I really like her paintings. They are vibrant and energetic and have a looseness that I would dearly like to adopt. Mine are currently rather uptight little things.

Thursday, April 12

When life gives you lemons

Paint lemons?

Every time I post in this blog I believe that I will begin again to post regularly. If you look at the post dates you can see that they largely coincide with the school holidays, and the inevitable upsurge of energy for things other than working and sitting on the sofa glugging wine. Still. Here is the finished lemon painting. It has half a million things wrong with it but actually I'm very pleased with it because a) it is an actual painting that I actually painted b) when I pass by it I catch myself thinking that I quite like it. Which is a reult of the highest order, really.


The rottenness of this photo reminds me that I should use my actual camera not my iDevice's.

After a short period of feeling quite blue (as well as going to work) post leaving college, I have now (yesterday) started a new painting. The iDevice pic of that is even worse than the above so I'll save posting it until later. Later being a time somewhere on a continuum between this evening and sometime in June, going by my posting habits.

Sunday, February 19

How long does it take to arrange a bowl of lemons?

At least 45 minutes, apparently.

I'm learning to paint. I've never painted, and I've never known how. At college aged 16 250 years ago I was terribly good at drawing, but never learnt how to paint. I really wish someone had taught me, but as a friend of mine said the other day, they didn't do it like that in those days. You were left to get on with stuff. It was probably Margaret Thatcher's fault, or perhaps that was why she was busy closing down art schools when I was a student: free thinking is a dangerous thing.

Anyway. I've been working up to trying to learn to paint for about a year, I've had the paint for about a month, and after a few weeks of having to go and buy something else (can't start without the right brush...can't start without the right paint...can't start without the right thinners...can't start without the right weather...can't start without the right radio programme...yes I do have a problem with procrastination), I finally sat down and painted a lemon. And it wasn't completely awful. It was even bearable. Which was what I was aiming for, because I keep telling myself that I am just practising, so I can get better. I do not have to be good at it, I do not have to produce anything that someone would put on a wall. I am learning.

Flushed with my success I decided to attempt multiple lemons. If one lemon is good then surely three lemons will be three times good.
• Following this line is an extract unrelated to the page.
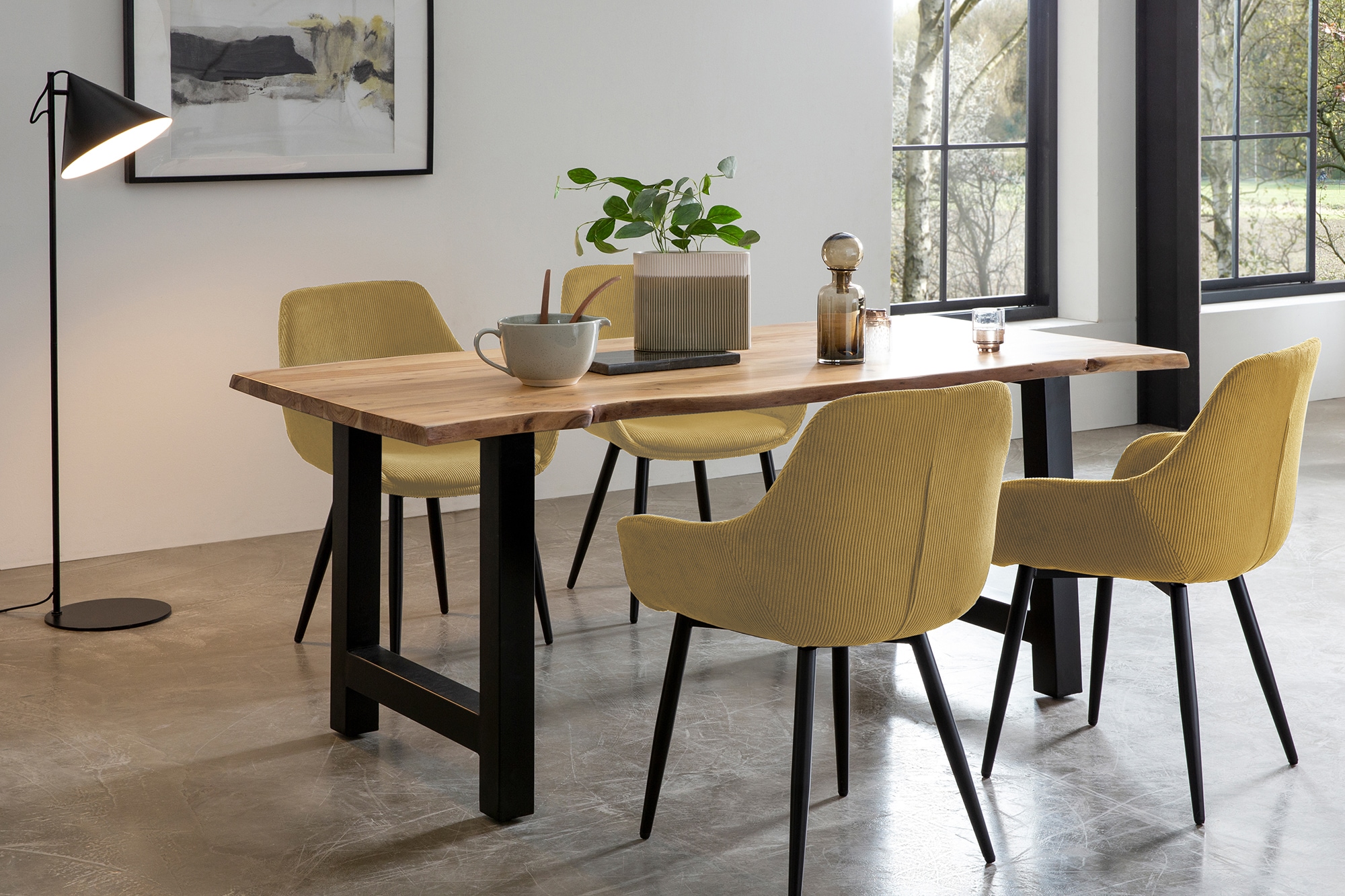 Image of SalesFever Essgruppe "Elegante Essgruppe für stilvolles Speisen" Set, 5 Stk. tlg. Massivholz geölt und zweifach gewachst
So this Saturday afternoon I found myself arranging lemons in a bowl, and lost in the cul-de-sac of perfectionism. After 45 mins of changing bowls, changing the order, adding an apple, taking away an apple, thinking about a flower, putting the lime on top, putting the lime at the back, putting the lime on my head, learning to put on liquid eyeliner, drinking two cups of tea, thinking I should wait until strawberries are in season, I finally realised I was obsessing about lemon perfection and remembered that I am just practising. Repeat: I am JUST PRACTISING. It does not need to be perfect. The arrangement is not the thing. At which point I hit upon a brilliant wheeze.

I got my husband to arrange the lemons. I agreed with him that he would arrange the lemons and I'd paint them. Admittedly I changed them about a bit (control freak), but it worked! He did the lemons, I was OK with it, and soon I shall be South East London's Premier Lemon Painter.